#### Exercise data

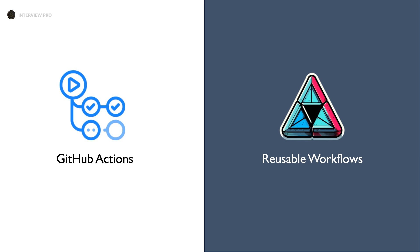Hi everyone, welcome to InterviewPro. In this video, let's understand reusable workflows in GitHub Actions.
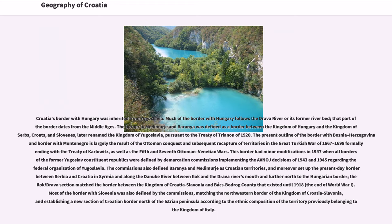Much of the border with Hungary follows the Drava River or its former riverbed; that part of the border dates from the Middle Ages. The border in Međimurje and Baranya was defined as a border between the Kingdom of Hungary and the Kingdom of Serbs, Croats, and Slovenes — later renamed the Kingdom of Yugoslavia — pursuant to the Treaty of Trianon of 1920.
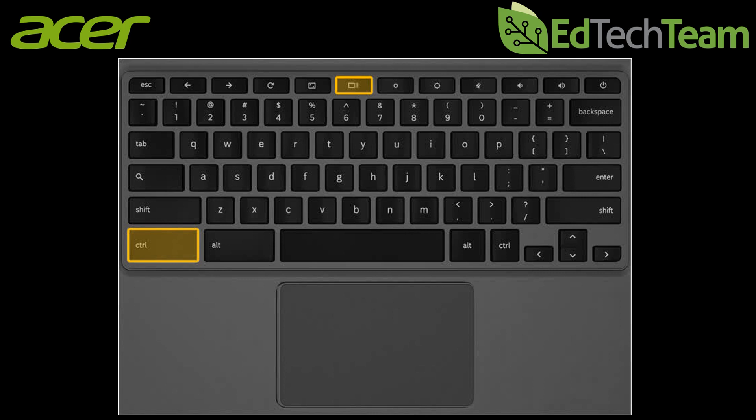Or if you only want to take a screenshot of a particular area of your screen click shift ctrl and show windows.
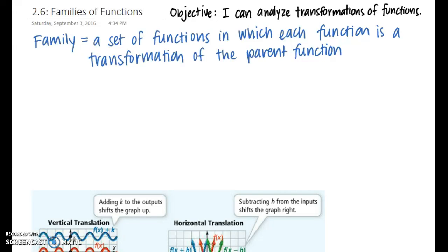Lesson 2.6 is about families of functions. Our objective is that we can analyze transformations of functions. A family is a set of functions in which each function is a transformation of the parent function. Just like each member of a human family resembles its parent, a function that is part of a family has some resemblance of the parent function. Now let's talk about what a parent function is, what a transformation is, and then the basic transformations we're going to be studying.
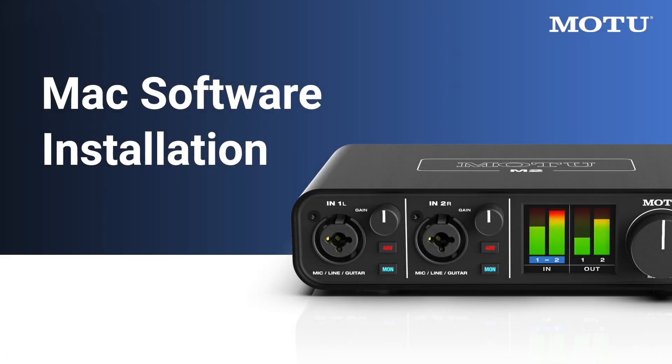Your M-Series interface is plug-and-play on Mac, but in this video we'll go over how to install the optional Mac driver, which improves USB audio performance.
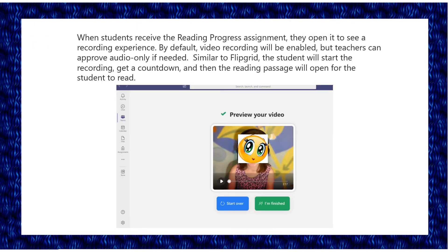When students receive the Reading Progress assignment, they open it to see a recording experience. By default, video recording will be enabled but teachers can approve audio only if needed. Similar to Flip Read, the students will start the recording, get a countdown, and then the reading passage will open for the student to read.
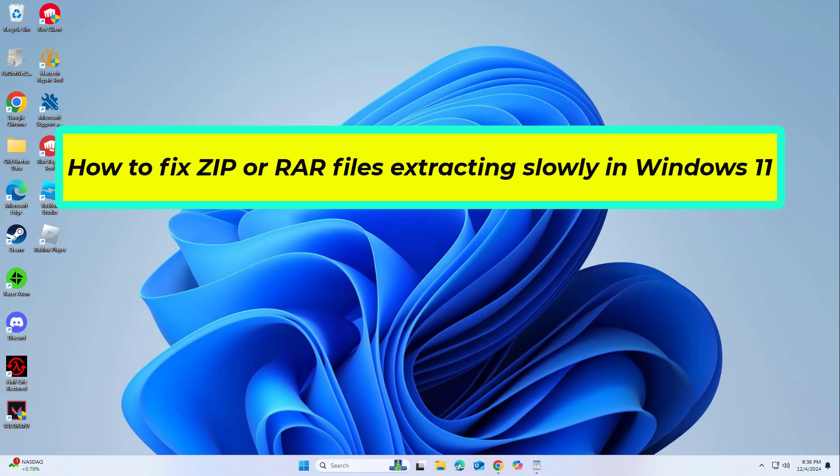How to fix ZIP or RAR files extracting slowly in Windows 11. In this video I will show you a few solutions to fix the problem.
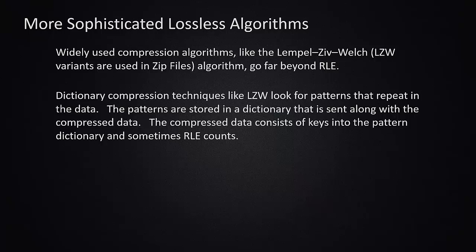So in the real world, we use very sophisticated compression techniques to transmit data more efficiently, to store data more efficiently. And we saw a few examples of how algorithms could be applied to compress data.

########
#### Exercise data

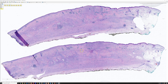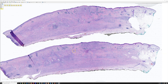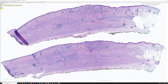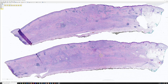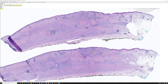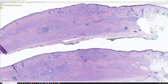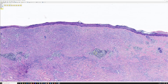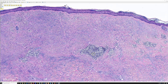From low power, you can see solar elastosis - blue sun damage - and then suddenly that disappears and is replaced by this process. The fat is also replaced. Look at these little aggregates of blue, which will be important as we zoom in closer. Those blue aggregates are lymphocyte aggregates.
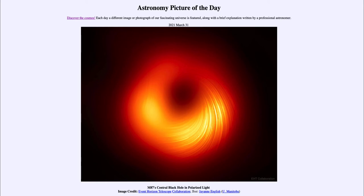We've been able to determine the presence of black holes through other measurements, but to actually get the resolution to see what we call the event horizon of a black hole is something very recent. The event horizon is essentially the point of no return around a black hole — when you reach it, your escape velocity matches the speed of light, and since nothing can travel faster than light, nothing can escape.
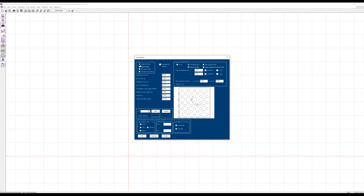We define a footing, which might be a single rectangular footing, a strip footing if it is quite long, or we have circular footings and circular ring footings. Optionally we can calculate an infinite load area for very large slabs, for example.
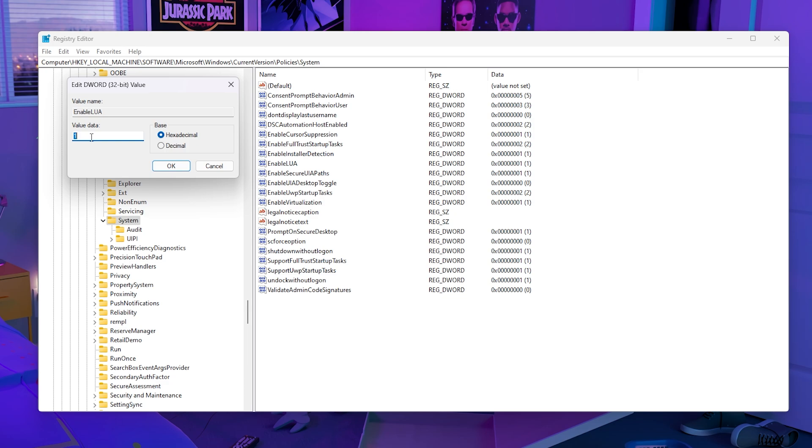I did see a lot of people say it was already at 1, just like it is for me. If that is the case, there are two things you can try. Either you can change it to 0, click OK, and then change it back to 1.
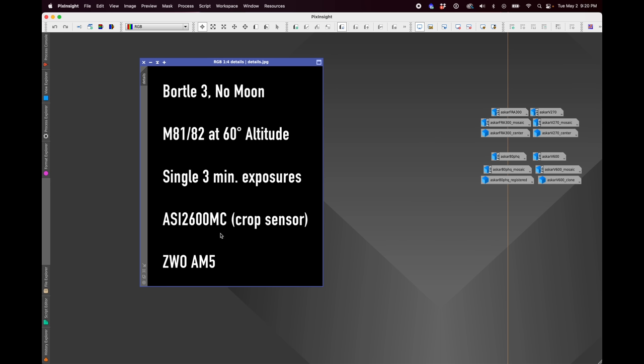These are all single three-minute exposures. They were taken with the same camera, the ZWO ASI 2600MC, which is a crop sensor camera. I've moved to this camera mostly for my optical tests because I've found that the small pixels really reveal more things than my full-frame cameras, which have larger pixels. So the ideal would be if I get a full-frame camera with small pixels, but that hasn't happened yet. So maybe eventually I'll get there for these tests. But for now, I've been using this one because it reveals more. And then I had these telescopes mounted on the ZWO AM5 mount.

########

- Work request:
Print nothing except the lines above from the one containing "Hi everyone, welcome" down to the one containing "Lesson 2.6 is", both included, exactly as written and free of pictures.

- Response for this exercise:
Hi everyone, welcome to InterviewPro. In this video, let's understand reusable workflows in GitHub Actions.
Much of the border with Hungary follows the Drava River or its former riverbed; that part of the border dates from the Middle Ages. The border in Međimurje and Baranya was defined as a border between the Kingdom of Hungary and the Kingdom of Serbs, Croats, and Slovenes — later renamed the Kingdom of Yugoslavia — pursuant to the Treaty of Trianon of 1920.
Or if you only want to take a screenshot of a particular area of your screen click shift ctrl and show windows.
Lesson 2.6 is about families of functions. Our objective is that we can analyze transformations of functions. A family is a set of functions in which each function is a transformation of the parent function. Just like each member of a human family resembles its parent, a function that is part of a family has some resemblance of the parent function. Now let's talk about what a parent function is, what a transformation is, and then the basic transformations we're going to be studying.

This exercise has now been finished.